Dès 1958, ce furent les inoubliables « Analyses spectrales de l’Occident » qui m’ont permis de terminer ma rhéto avec un savoir que mes condisciples ignoraient. Les jours de couche-tard, il m’arrivait de savourer et même d’enregistrer, sur un enregistreur à bandes comme il n’en existe plus, les « Ateliers de création radiophonique ». Là c’était de l’avant-garde, de la recherche sonore sur des sujets complexes.

Je dois aussi à la radio d’avoir été initié au jazz par les émissions de Sim Copans, André Francis sur les stations françaises ou de Frank Ténot et Daniel Filipacchi sur Europe 1. Sans oublier les compositeurs contemporains sur France Musique ou Musique 3. Adjoignons leur la chanson par Jean-Louis Foulquier et d’autres, tel Edmond Lefèvre sur Radio Hainaut.  Ainsi j’ai entendu Brel pour la première fois, une nuit, c’était « Sur la place », et Souchon « J’ai dix ans».

Il ne faut pas oublier aussi combien la radio a pu influencer l’évolution des citoyens. Ceux qui connurent Ménie Grégoire se souviendront de ce qu’elle a fait pour abattre les tabous sexuels, les relégations des femmes par les machistes. Comme ils se souviendront aussi de Françoise Dolto et ses analyses psychologiques, sa pédagogie de l’éducation des enfants.

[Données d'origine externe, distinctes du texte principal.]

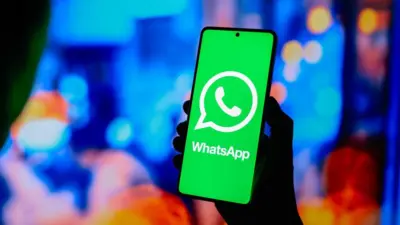 Photo of hand wey hold phone wit WhatsApp on di screen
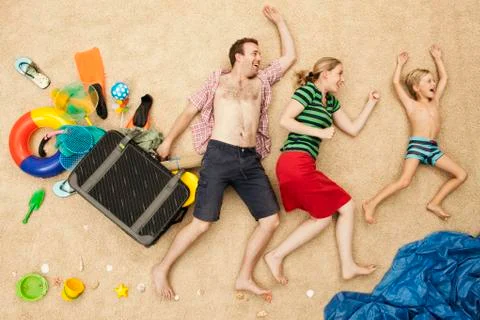 Germany, Family with toys and baggage at beach Stock Photos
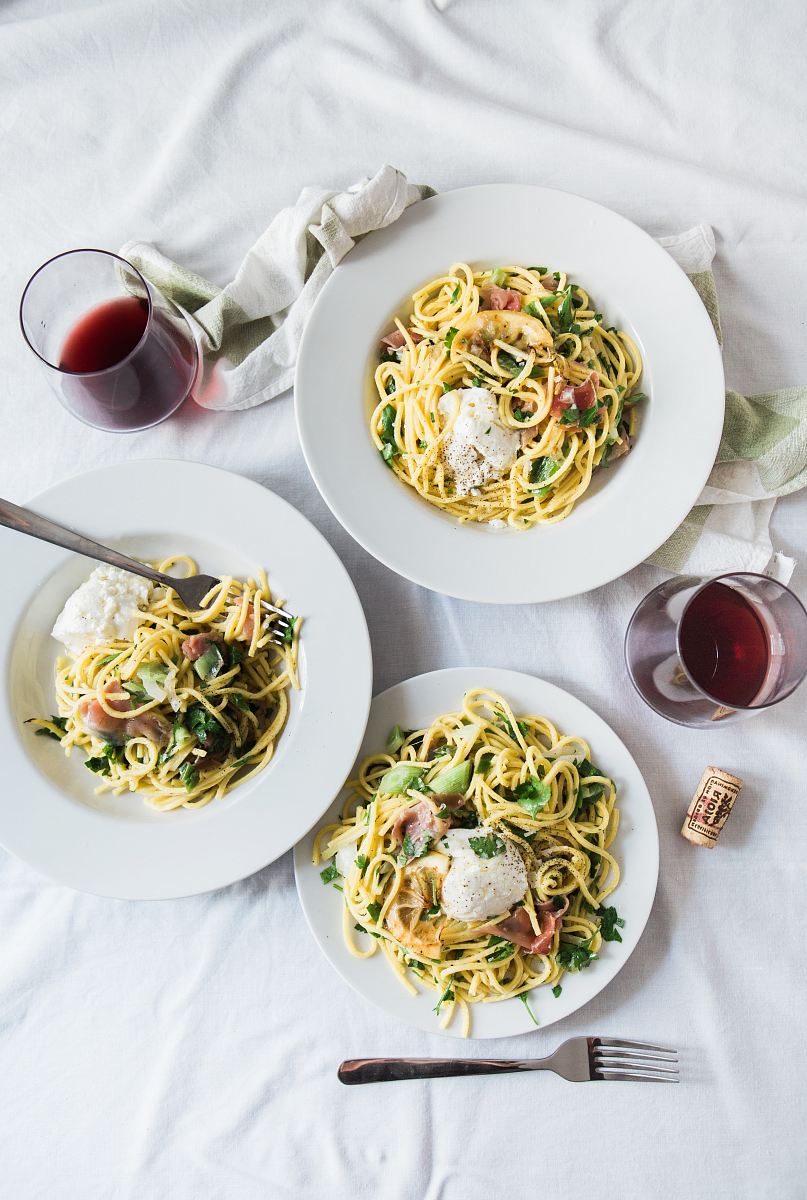 three round white plates with pasta near two glass cuups
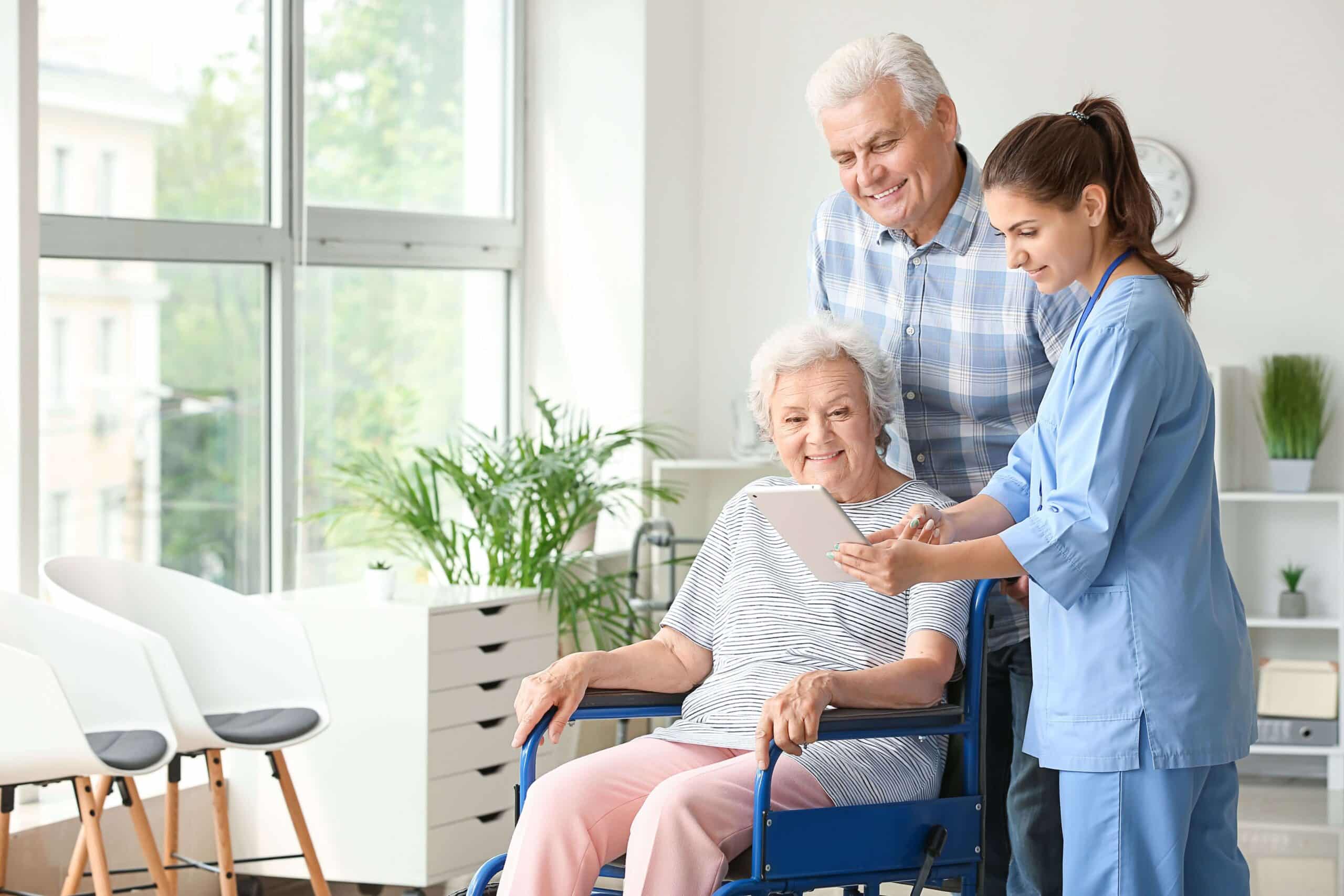 a woman in a wheelchair with a nurse and a man in a wheelchair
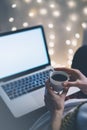 Girl in a chair in a homely atmosphere with an open laptop with a empty blank screen monitor and a cup of coffee or tea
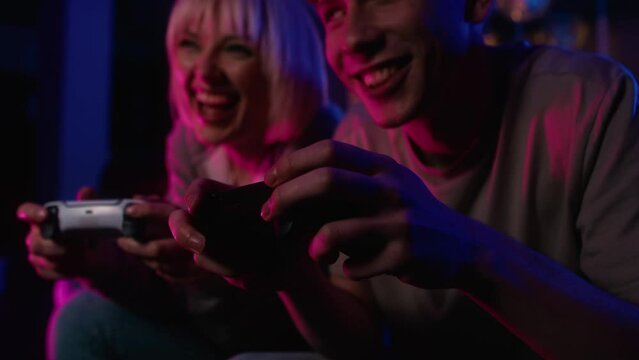 Detail of young caucasian couple playing video game with game pads. Shot with RED helium camera in 8K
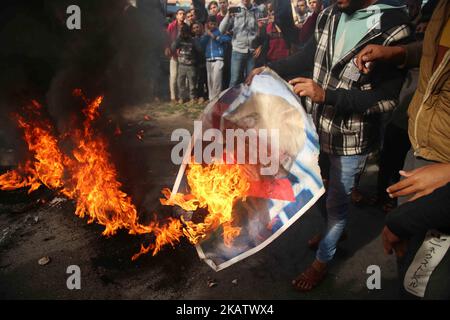 Palästinensische Demonstranten verbrennen ein Plakat, auf dem US-Präsident Donald Trump während eines Protestes gegen Trumps Entscheidung, Jerusalem in der Nähe des zentralen Gazastreifens als Hauptstadt Israels anzuerkennen, dargestellt wird. 15. Dezember 2017. (Foto von Majdi Fathi/NurPhoto) Stockfoto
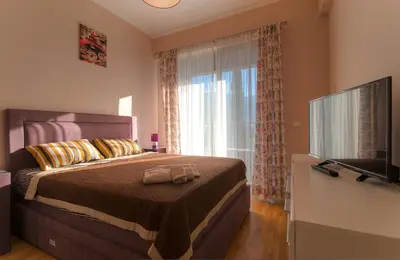 a bedroom with a bed with a large window at Harmonia Sunrise Apartments in Budva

Un homme comme Frédéric Pottecher, chroniqueur judiciaire, amenait à voir les grands procès et la justice autrement. Michel Lancelot sur Europe 1 au temps de mai 68 et la suite donnait de l’actualité une vision jeune et libre avec « Campus ».

Mon approche initiale de la littérature fantastique, notamment de Jean Ray, est due à Jean Le Paillot qui, outre de réaliser Radio Jeunesse, produisait des dramatiques à Bruxelles. Il m’arrivait de me lever de mon lit le soir et d’aller coller mon oreille à la porte de la cuisine où ma mère écoutait ces mises en ondes. J’en ai conservé certaines terreurs : un cri de prisonnier torturé, une histoire terrible qui s’intitulait probablement « Les yeux verts » et narrait la prolifération d’individus porteurs de cette couleur oculaire et dont la caractéristique était qu’ils ne pouvaient s’empêcher de dire la vérité, d’où une pagaille incroyable dans les relations humaines.

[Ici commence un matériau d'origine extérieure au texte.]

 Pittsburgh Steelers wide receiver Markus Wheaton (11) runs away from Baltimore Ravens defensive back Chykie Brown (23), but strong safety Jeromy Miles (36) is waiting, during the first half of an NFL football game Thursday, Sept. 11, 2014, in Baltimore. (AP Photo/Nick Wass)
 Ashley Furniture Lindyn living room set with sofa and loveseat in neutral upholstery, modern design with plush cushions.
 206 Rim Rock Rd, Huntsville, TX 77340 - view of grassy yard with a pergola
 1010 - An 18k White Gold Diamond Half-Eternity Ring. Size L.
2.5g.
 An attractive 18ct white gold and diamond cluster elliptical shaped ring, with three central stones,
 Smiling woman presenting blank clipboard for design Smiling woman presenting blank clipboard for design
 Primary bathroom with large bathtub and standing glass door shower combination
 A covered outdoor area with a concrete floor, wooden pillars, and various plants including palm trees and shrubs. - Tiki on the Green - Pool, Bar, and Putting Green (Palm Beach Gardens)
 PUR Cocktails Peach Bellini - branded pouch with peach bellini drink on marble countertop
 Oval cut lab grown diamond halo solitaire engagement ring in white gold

Il faudrait ajouter les découvertes littéraires d’Annie Rak, la voix chantante du caustique Armand Bachelier, correspondant à Paris de la RTB dont l’humour est resté légendaire. Et bien d’autres encore qui étaient présents en nous, en des temps où la télé n’avait pas encore complètement colonisé le temps des loisirs.